## Soumil Nitin Shah 
Bachelor in Electronic Engineering |
Masters in Electrical Engineering | 
Master in Computer Engineering |

* Website : http://soumilshah.com/
* Github: https://github.com/soumilshah1995
* Linkedin: https://www.linkedin.com/in/shah-soumil/
* Blog: https://soumilshah1995.blogspot.com/
* Youtube : https://www.youtube.com/channel/UC_eOodxvwS_H7x2uLQa-svw?view_as=subscriber
* Facebook Page : https://www.facebook.com/soumilshah1995/
* Email : shahsoumil519@gmail.com
* projects : https://soumilshah.herokuapp.com/project

* I earned a Bachelor of Science in Electronic Engineering and a double master’s in Electrical and Computer Engineering. I have extensive expertise in developing scalable and high-performance software applications in Python. I have a YouTube channel where I teach people about Data Science, Machine learning, Elastic search, and AWS. I work as data Team Lead at Jobtarget where I spent most of my time developing Ingestion Framework and creating microservices and scalable architecture on AWS. I have worked with a massive amount of data which includes creating data lakes (1.2T) optimizing data lakes query by creating a partition and using the right file format and compression.
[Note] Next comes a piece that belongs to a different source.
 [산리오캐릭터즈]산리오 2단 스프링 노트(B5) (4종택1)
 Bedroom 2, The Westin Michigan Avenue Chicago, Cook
I have also developed and worked on a streaming application for ingesting real-time streams data via kinesis and firehose to elastic search

#### Goal
###### Goal of this labs is to educate and teach you fundemental concepts on HUDI 

## Step 1: 
##### Define Imports 

In [1]:
try:

    import os
    import sys
    import uuid

    import pyspark
    from pyspark.sql import SparkSession
    from pyspark import SparkConf, SparkContext
    from pyspark.sql.functions import col, asc, desc
    from pyspark.sql.functions import col, to_timestamp, monotonically_increasing_id, to_date, when
    from pyspark.sql.functions import *
    from pyspark.sql.types import *
    from datetime import datetime
    from functools import reduce
    from faker import Faker


except Exception as e:
    pass

# Step 2:
#### Create Spark Instance 

In [2]:
SUBMIT_ARGS = "--packages org.apache.hudi:hudi-spark3.3-bundle_2.12:0.12.1 pyspark-shell"
os.environ["PYSPARK_SUBMIT_ARGS"] = SUBMIT_ARGS
os.environ['PYSPARK_PYTHON'] = sys.executable
os.environ['PYSPARK_DRIVER_PYTHON'] = sys.executable

spark = SparkSession.builder \
    .config('spark.serializer', 'org.apache.spark.serializer.KryoSerializer') \
    .config('className', 'org.apache.hudi') \
    .config('spark.sql.hive.convertMetastoreParquet', 'false') \
    .getOrCreate()

In [3]:
spark

# Step 3: 
#### Definje Hudi Settings for this project 

In [5]:
db_name = "hudidb"
table_name = "hudi_table"

recordkey = 'uuid'
precombine = 'precomb'

path = f"file:///C:/tmp/{db_name}/{table_name}"

method = 'upsert'
table_type = "COPY_ON_WRITE"  # COPY_ON_WRITE | MERGE_ON_READ
partiton_field = "partition"


hudi_options = {
    'hoodie.table.name': table_name,
    'hoodie.datasource.write.recordkey.field': recordkey,
    'hoodie.datasource.write.table.name': table_name,
    'hoodie.datasource.write.operation': method,
    'hoodie.datasource.write.precombine.field': precombine,
    'hoodie.upsert.shuffle.parallelism': 2,
    'hoodie.insert.shuffle.parallelism': 2,
    'hoodie.datasource.write.partitionpath.field': partiton_field,
}

# Step 4:
#### Lets create out Hudidatalake and insert records and learn about precomb key

In [6]:
data_items = [
    (1, "This is APPEND 1",  111, 1),
    (2, "This is APPEND 2",  222, 2),
]

columns = ["uuid", "message", "precomb", "partition"]

In [7]:
spark_df = spark.createDataFrame(data=data_items, schema=columns)

In [8]:
spark_df.show()

+----+----------------+-------+---------+
|uuid|         message|precomb|partition|
+----+----------------+-------+---------+
|   1|This is APPEND 1|    111|        1|
|   2|This is APPEND 2|    222|        2|
+----+----------------+-------+---------+



# Step 5:
##### Write the data into HUDI Table"

In [None]:
spark_df.write.format("hudi"). \
    options(**hudi_options). \
    mode("append"). \
    save(path)

In [34]:
df = spark. \
      read. \
      format("hudi"). \
      load(path)

In [35]:
df.select(["uuid", "precomb", "message", "_hoodie_commit_time", "_hoodie_commit_seqno"]).show(truncate=False)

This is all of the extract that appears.